Branding, Marketing Your Biz as Green — Checklist



Consumers love environmentally sensitive businesses. You might think it’s a slam dunk for businesses to market themselves as green.

Well, yes and no. There are precautions to take. They include educating your audience on your eco practices.

Before you embark on a green marketing campaign, here’s a checklist of basic questions to ask:

1. Are you really green? 

Merely supporting an employee carpool program doesn’t constitute green a green business. There’s certainly more to it.

ID-10066102Think accuracy and transparency.

If your green-conscious customers find out you’re giving lip service to being environmentally sensitive, you will be faced with a PR nightmare.

You will be accused of greenwashing – or lying in your marketing messages.

For instance, don’t use too-narrow criteria to define your environmental practices, fail to provide proof, and don’t provide misleading information.

2. Do you know what your customers really want? 

While it would seem to be an automatic assumption, not all customers care whether you’re a green business. Some are more concerned about luxury or size.

It’s good business to be green. But in your branding, be sure to touch all the concerns of your target audience instead of just focusing on what your green value propositions should be.

If your green-conscious customers find out you’re giving lip service to being environmentally sensitive, you will be faced with a PR nightmare.

3. Do you use benefit statements to explain your feature  statements? 

Sometimes you have to super diligent in making your points; not all consumers will readily understand your messaging.

See to it they get it – your products and services are beneficial to their pocketbooks, families and the earth.

4. Are you a 100 percent green practitioner?

Don’t miss any opportunity to use green practices.

Oh, and don’t be mundane, trite or patronizing in your messages. Don’t give it lip service. Be careful how you portray your environmental messaging.

5. Do you spread the message? 

Green practitioners who profit from being green should carry the environmental message to others. That means being vocal as a green advocate or engaging in environmental cause-related marketing.

Practice these principles and you’ll be on your way.

From the Coach’s Corner, here are more marketing strategies:

Create Buzz to Win Your Major Marketing Campaign — There are many reasons for marketing failure of a campaign. Here are 14 of the more important reasons, plus what you must do to win.

Why B2B Marketers Like Content Marketing – Study — B2B marketers ostensibly get a satisfying return on content marketing because that’s the preferred choice for 82 percent of respondents in a survey.

10 Strategies to Shine and Make Ad Designing a Breeze -Designing simple banner ads without strategic planning no longer suffices. The click rates have declined significantly, especially in B2B. To shine in the clutter of Internet advertising, there are at least 10 tips to keep in mind. That’s true in your mobile or Web site strategies.

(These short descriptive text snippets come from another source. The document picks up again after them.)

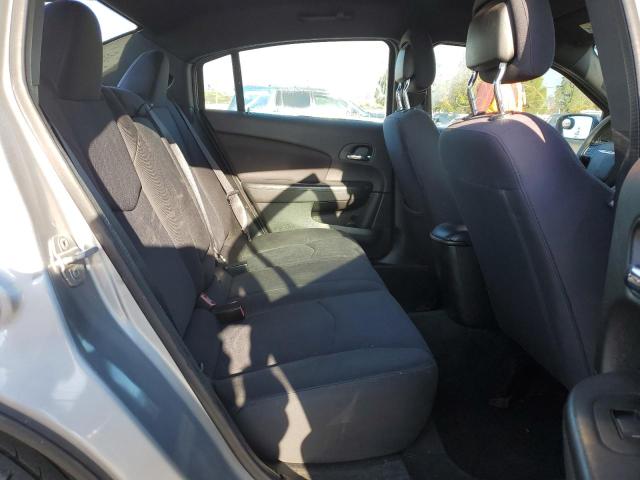 Foto 10 de la subasta – 2014 CHRYSLER 200 LX con VIN 1C3CCBAB0EN123358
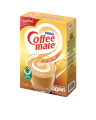 Nestle Coffee Mate Original - 420g. 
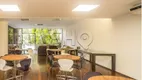 Foto 27 de Apartamento com 3 Quartos à venda, 108m² em Perdizes, São Paulo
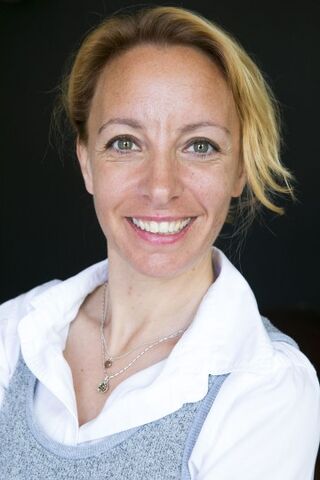 File:Helen Sales.jpg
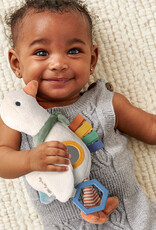 Itzy Ritzy Bitzy Traveler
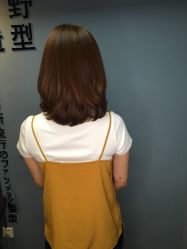 -藤野造型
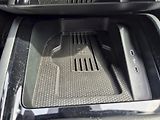 Škoda Scala (2025) Monte Carlo 1.0TSi 85kW 6°manu - náhled 27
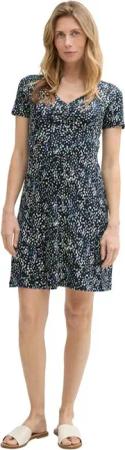 TOM TAILOR Strandkleid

You Risk Sales If You Don’t Use This Mobile-Web Strategy — You know, of course, strong brand perceptions and emotional engagement drive sales. You also know your mobile-site strategy should be a priority, as a  result of the skyrocketing popularity of mobile devices. But here’s a question: Is your mobile site actually hindering brand perception and emotional engagement?

11 Tips for the Best Business Mobile Web Site — If you operate a retail business, it’s increasingly important for your Web site to be easy-to-use for mobile users. The use of smartphones and tablets is skyrocketing, especially among Millennials — young adults aged 32 and under. Studies also show the majority of mobile aficionados use their devices to access the Internet.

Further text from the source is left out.